Stored entries
>>>>>
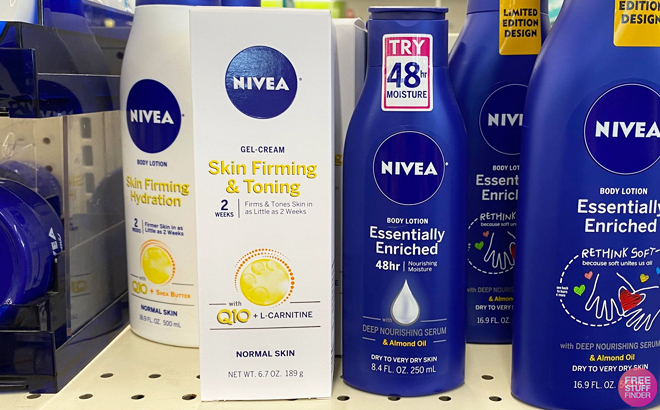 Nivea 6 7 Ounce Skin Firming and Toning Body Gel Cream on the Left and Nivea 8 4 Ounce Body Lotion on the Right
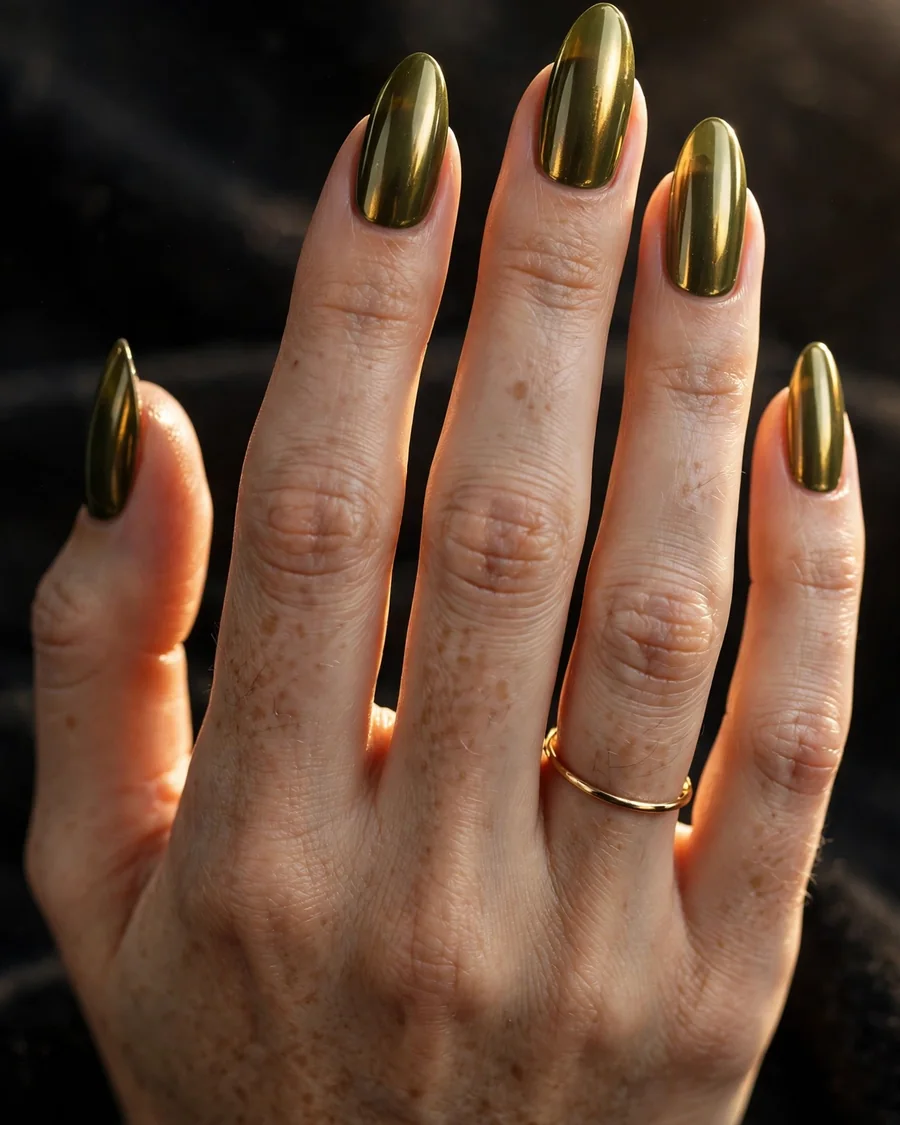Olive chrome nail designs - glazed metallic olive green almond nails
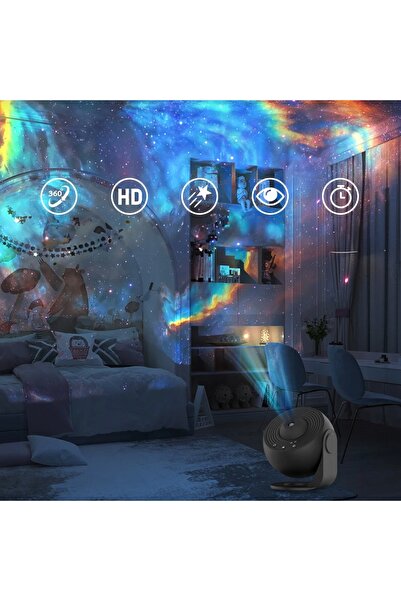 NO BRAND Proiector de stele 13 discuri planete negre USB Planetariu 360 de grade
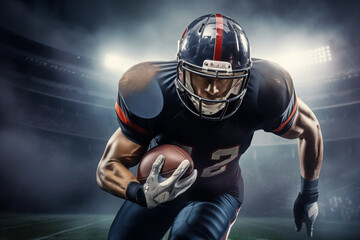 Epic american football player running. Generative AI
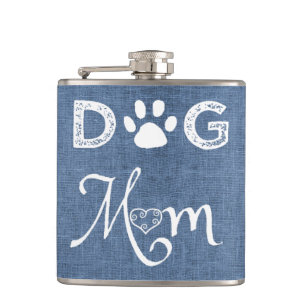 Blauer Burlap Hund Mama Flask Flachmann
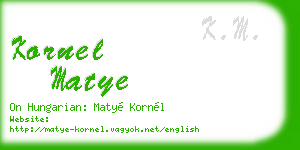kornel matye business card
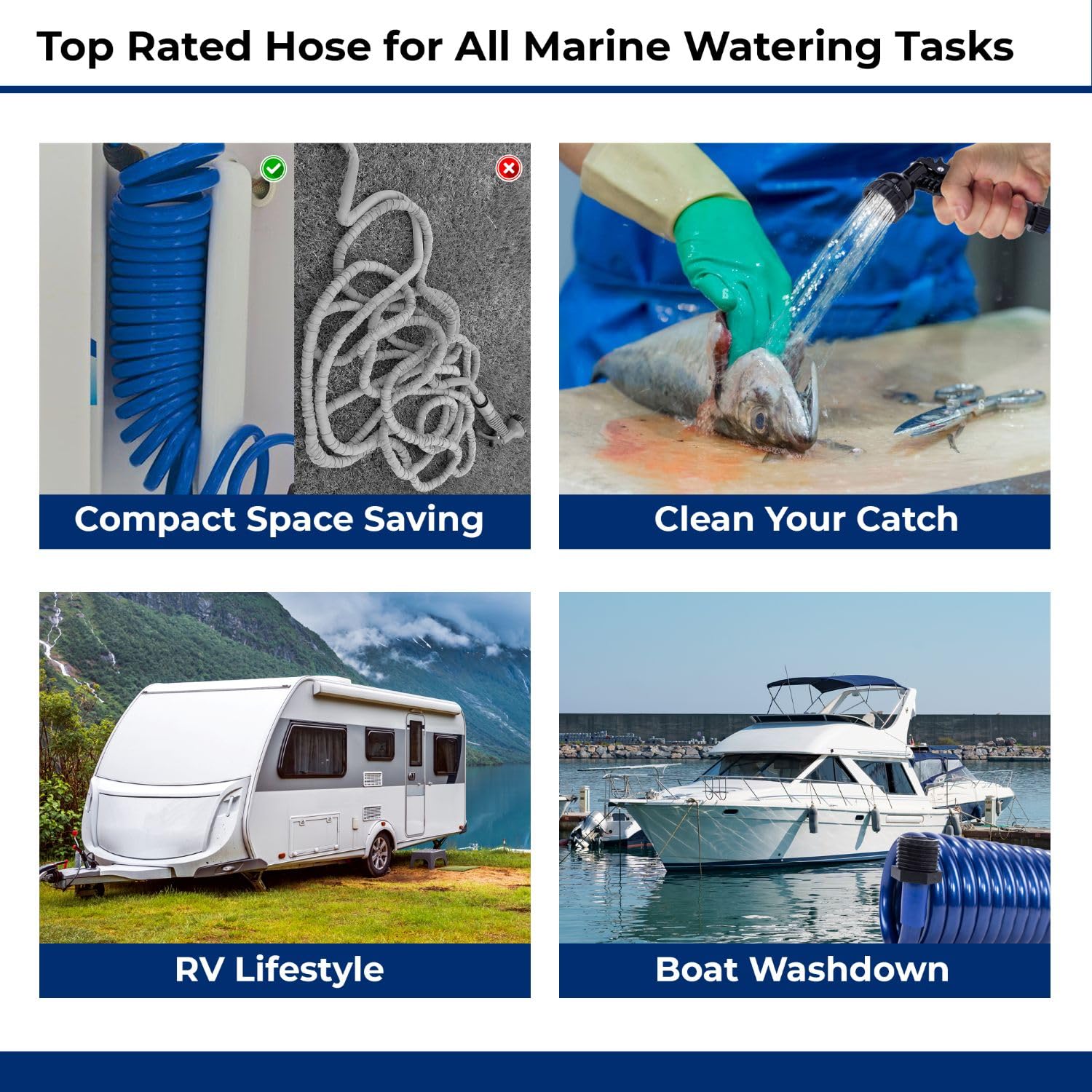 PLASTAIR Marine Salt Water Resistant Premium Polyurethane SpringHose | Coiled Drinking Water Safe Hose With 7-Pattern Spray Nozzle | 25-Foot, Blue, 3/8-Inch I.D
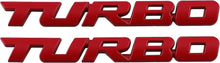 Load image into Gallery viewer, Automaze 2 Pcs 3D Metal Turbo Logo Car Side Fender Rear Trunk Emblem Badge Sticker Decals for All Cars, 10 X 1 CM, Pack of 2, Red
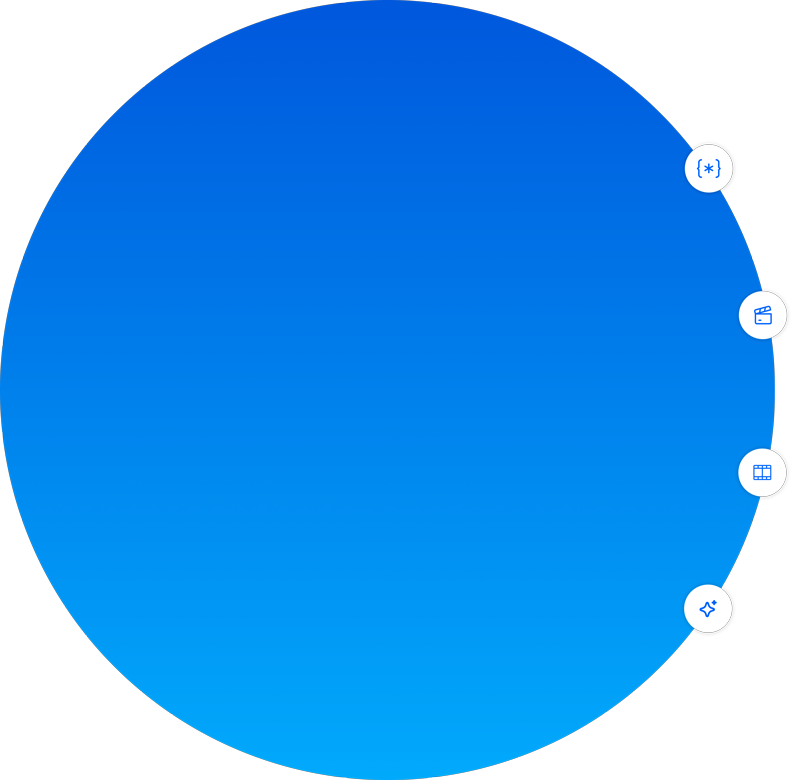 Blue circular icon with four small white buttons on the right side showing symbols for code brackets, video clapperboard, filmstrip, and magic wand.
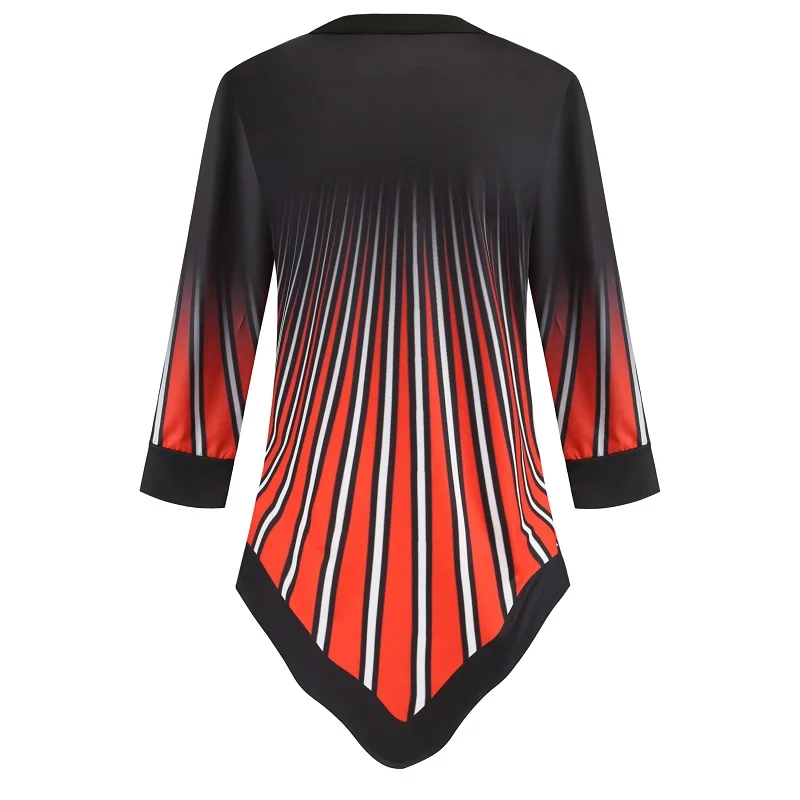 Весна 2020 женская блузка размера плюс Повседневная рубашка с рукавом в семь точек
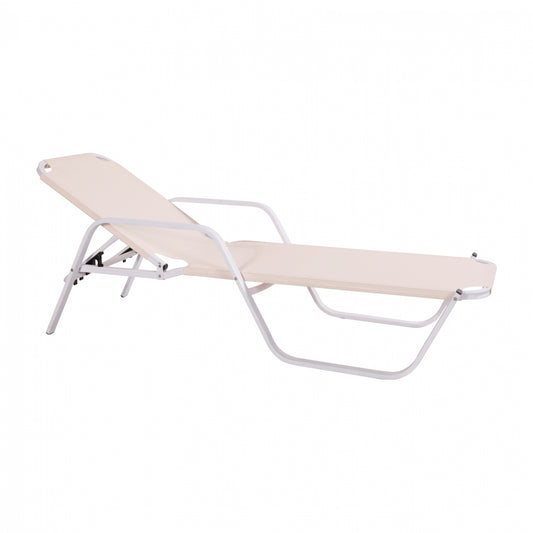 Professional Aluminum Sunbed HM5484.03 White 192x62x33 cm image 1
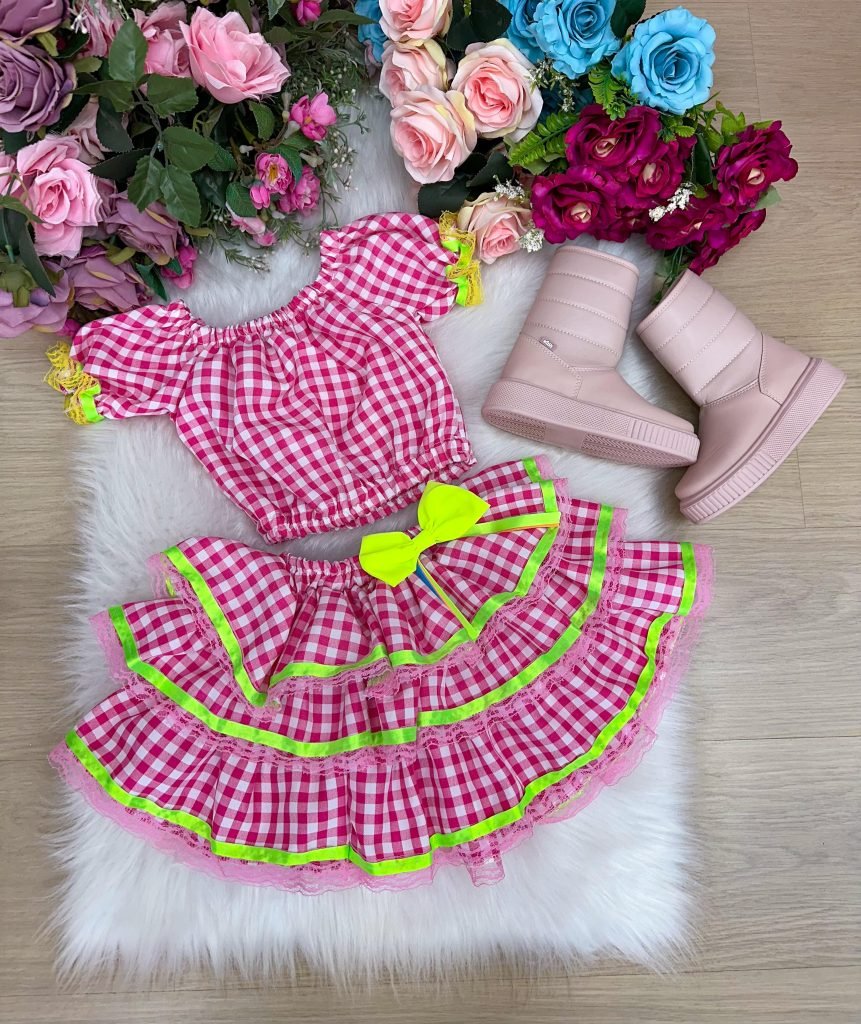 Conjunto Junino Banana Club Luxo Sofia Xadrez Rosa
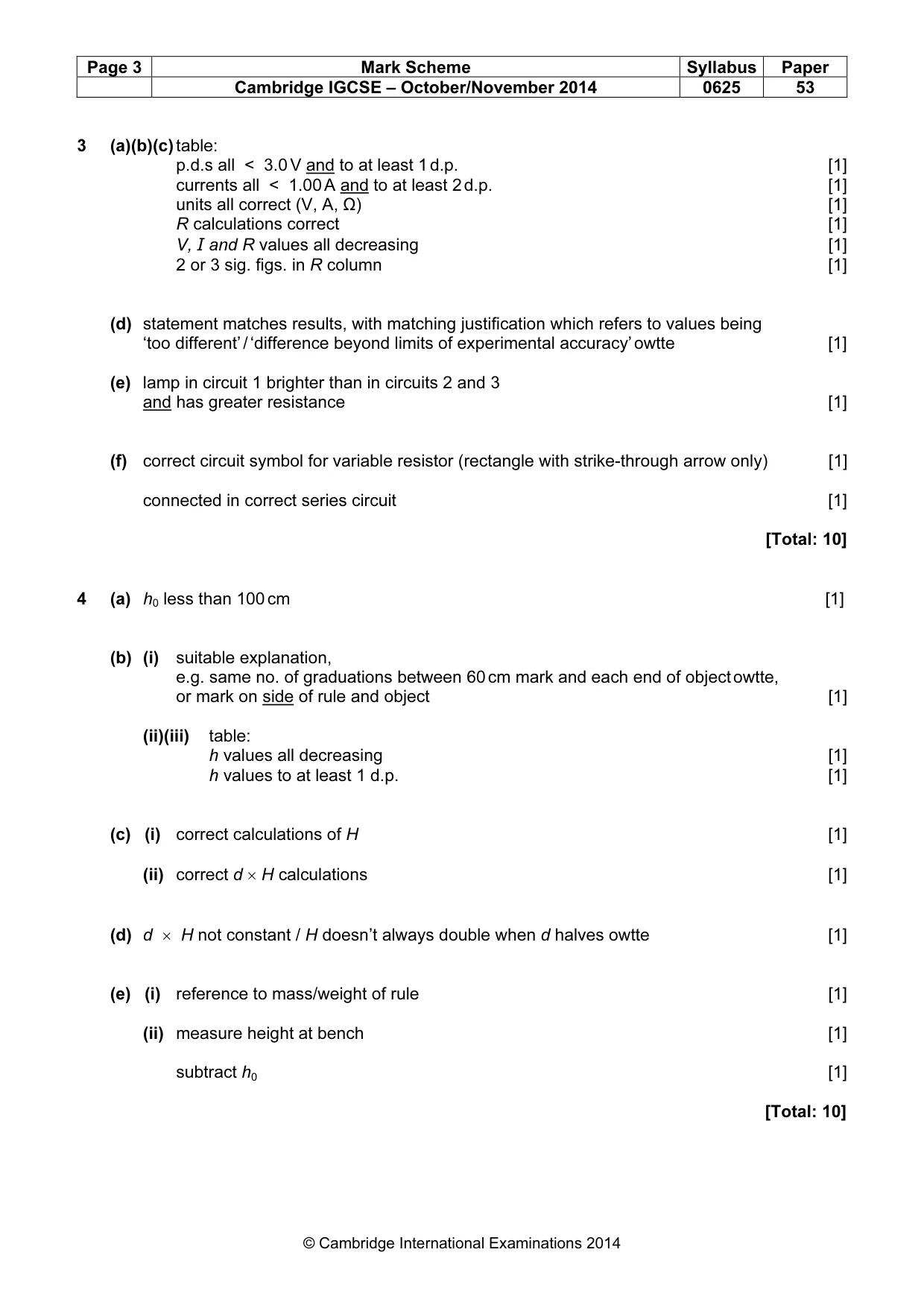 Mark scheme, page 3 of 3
<<<<<
WORK REQUEST:
Copy the final portion of the records: every line from the one containing "Olive chrome nail" through the last, word for word, without pictures.

ANSWER AREA:
Olive chrome nail designs - glazed metallic olive green almond nails
 NO BRAND Proiector de stele 13 discuri planete negre USB Planetariu 360 de grade
 Epic american football player running. Generative AI
 Blauer Burlap Hund Mama Flask Flachmann
kornel matye business card
 PLASTAIR Marine Salt Water Resistant Premium Polyurethane SpringHose | Coiled Drinking Water Safe Hose With 7-Pattern Spray Nozzle | 25-Foot, Blue, 3/8-Inch I.D
 Load image into Gallery viewer, Automaze 2 Pcs 3D Metal Turbo Logo Car Side Fender Rear Trunk Emblem Badge Sticker Decals for All Cars, 10 X 1 CM, Pack of 2, Red
 Blue circular icon with four small white buttons on the right side showing symbols for code brackets, video clapperboard, filmstrip, and magic wand.
 Весна 2020 женская блузка размера плюс Повседневная рубашка с рукавом в семь точек
 Professional Aluminum Sunbed HM5484.03 White 192x62x33 cm image 1
 Conjunto Junino Banana Club Luxo Sofia Xadrez Rosa
 Mark scheme, page 3 of 3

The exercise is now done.